Ce dernier a défendu le droit à publier des caricatures en France lors d’un hommage à Samuel Paty, un enseignant décapité en pleine rue pour avoir montré les dessins du prophète Mahomet dans un cours sur la liberté d’expression.
LE POIDS DES MOTS
M. Trudeau, qui a pris 10 jours avant de condamner le meurtre du professeur, a plaidé plutôt pour un usage « prudent » de la liberté d’expression.
« Nous nous devons d’être conscients de l’impact de nos mots, de nos gestes sur d’autres, particulièrement ces communautés et ces populations qui vivent encore énormément de discriminations », dit-il.
Cette déclaration a fait réagir le chef du Bloc québécois, Yves-François Blanchet.
« Le premier ministre du Canada avoue […] que selon ses valeurs, le dogme religieux et la violence qu’il suscite dans des cas extrêmes ont préséance sur la liberté d’expression, la liberté d’enseignement et la sécurité des citoyens sous sa responsabilité », a-t-il écrit dans un communiqué.
Au Canada, le débat sur la liberté d’expression a aussi touché l’emploi du mot « nègre » par une enseignante de l’Université d’Ottawa lors d’un cours en histoire de l’art.
Pour le professeur en droit constitutionnel de l’Université Laval, Patrick Taillon, « un fossé » sépare l’opinion de M. Trudeau et celle du plus haut tribunal au pays.
« La Cour suprême est constante : la liberté d’expression sert à protéger les propos qui sont polémiques. Si elle protégeait seulement les propos qui ne dérangent pas, ça n’aurait aucun sens. »

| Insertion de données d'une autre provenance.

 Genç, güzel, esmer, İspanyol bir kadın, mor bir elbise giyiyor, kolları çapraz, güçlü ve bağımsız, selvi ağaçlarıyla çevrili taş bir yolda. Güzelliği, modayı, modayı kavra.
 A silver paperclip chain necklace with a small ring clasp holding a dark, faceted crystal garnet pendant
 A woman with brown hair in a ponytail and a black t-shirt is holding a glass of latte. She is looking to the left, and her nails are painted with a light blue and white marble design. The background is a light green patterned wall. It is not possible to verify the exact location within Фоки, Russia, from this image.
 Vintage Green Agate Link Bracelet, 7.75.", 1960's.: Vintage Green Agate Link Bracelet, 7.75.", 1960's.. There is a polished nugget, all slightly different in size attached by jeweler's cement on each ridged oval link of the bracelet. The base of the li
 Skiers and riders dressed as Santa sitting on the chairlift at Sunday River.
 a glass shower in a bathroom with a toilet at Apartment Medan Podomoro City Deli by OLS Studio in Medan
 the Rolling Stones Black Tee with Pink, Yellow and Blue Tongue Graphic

Si la liberté d’expression a ses limites, c’est quand elle se mesure aux autres droits et libertés, rappelle-t-il.
Or, le premier ministre semble insinuer qu’il faudrait se retenir d’exprimer des opinions qui perturberaient les groupes minoritaires de manière à préserver la cohésion sociale, poursuit-il. Ce point de vue relèverait du registre moral plutôt que légal.
« Ce n’est pas parce que j’ai le droit [légalement] de poser certains gestes qu’il est approprié de les poser », illustre l’enseignant en droit.
L’affirmation de M. Trudeau survient alors que trois personnes ont été poignardées à mort jeudi dans une église à Nice, en France, un attentat qu’il a qualifié d’« affreux et épouvantable ».